Counterfeit bills are manufactured imprecisely. Genuine bills are printed by machines with tight tolerances. The geometric differences, especially in margins, are large enough relative to measurement noise that even simple models draw a clean boundary.
Is 100% accuracy realistic in production?
No. This is a curated dataset where every sample has clean measurements. Real counterfeits in the wild have missing data, novel variations, and measurements taken under different conditions. Treat the 100% as an upper bound, not a guarantee.
Should I use the neural network or logistic regression?
Logistic regression. It is simpler, faster, interpretable, and achieves the same accuracy.
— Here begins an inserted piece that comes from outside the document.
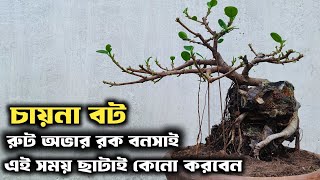 When to prune bonsai  Ficus Green Island Root Over Rock Bonsai [upl. by Adnolahs]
The neural network only matters if your data is messy enough that linear methods fail.
Why does the original neural network code fail?
Two reasons. First, MSE loss for binary classification produces wrong gradients. Binary crossentropy is the correct choice. Second, unscaled features cause the sigmoid activation to saturate, collapsing predictions toward one class. Both are fixable. The corrected version above shows the right approach.
What would make this harder?
Adding noisy measurements, mixing bill denominations, or introducing counterfeits that mimic the geometry more carefully would all break perfect classification. That is where ensemble methods and feature engineering matter.